**Exercise details**
Return all the data exactly, keeping the pictures out.

Segment Start: Supplied data

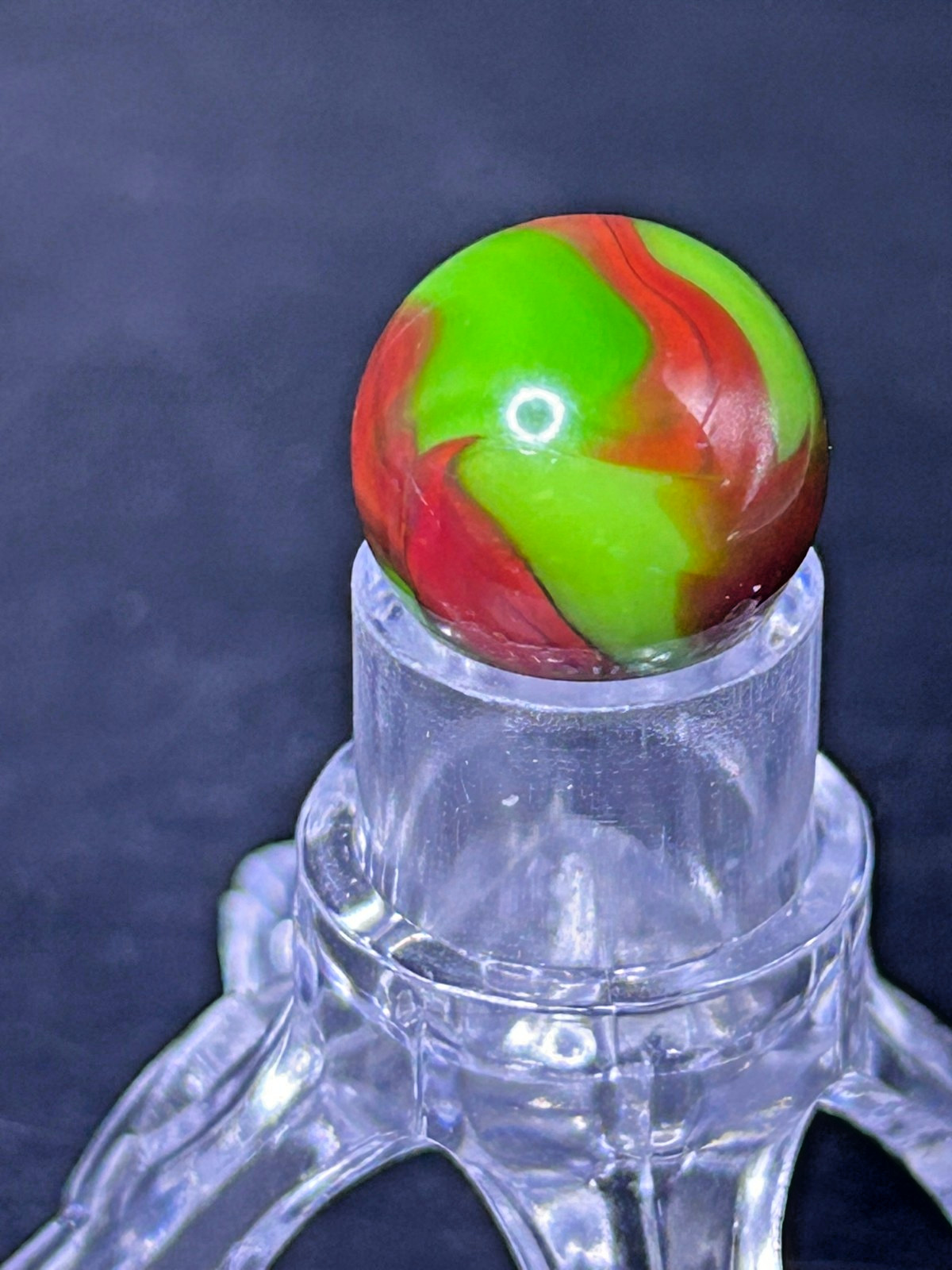 Vintage Peltier NLR Flaming Dragon Marble, Green Base/Red, .59″, Mint, #P19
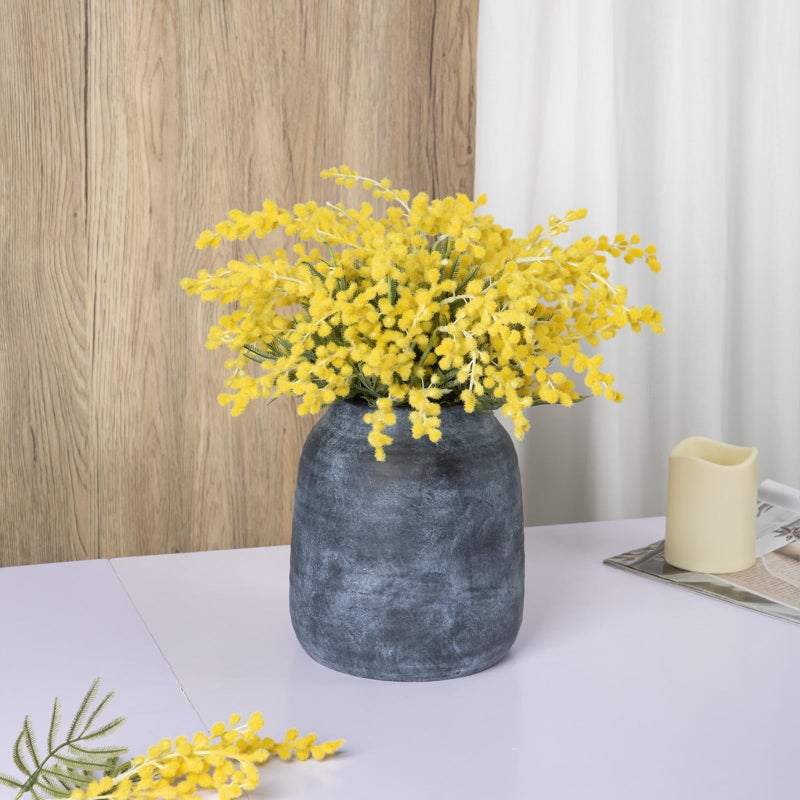 Briful 7in Rustic Shabby Blue Ceramic Vase  Vintage Farmhouse Flowers Vase  Whitewashed Terra Cotta Large Vase  Antique Pottery Pampas Vase for Home Living Room Kitchen Mantel Table Shelf Decorations - Image 4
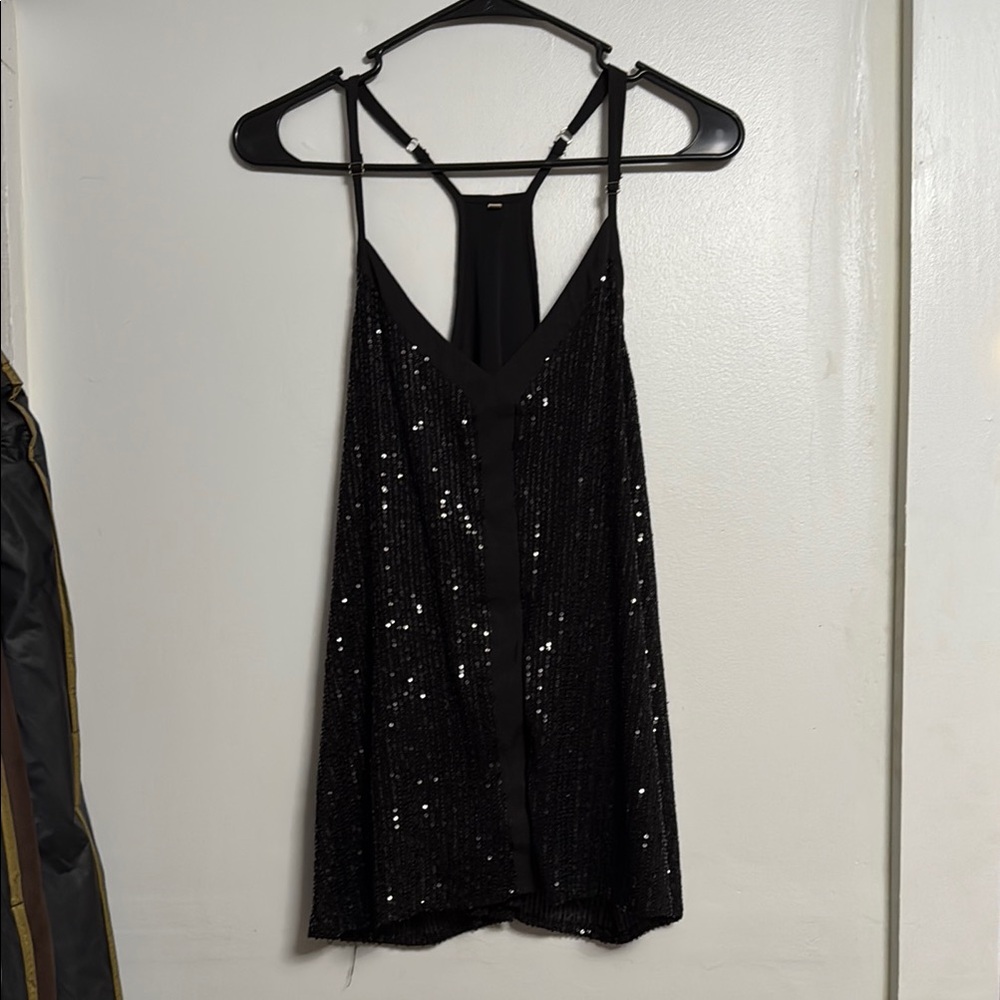Black sequined tank top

Segment End: Supplied data

**Result for this task**
 Vintage Peltier NLR Flaming Dragon Marble, Green Base/Red, .59″, Mint, #P19
 Briful 7in Rustic Shabby Blue Ceramic Vase  Vintage Farmhouse Flowers Vase  Whitewashed Terra Cotta Large Vase  Antique Pottery Pampas Vase for Home Living Room Kitchen Mantel Table Shelf Decorations - Image 4
Black sequined tank top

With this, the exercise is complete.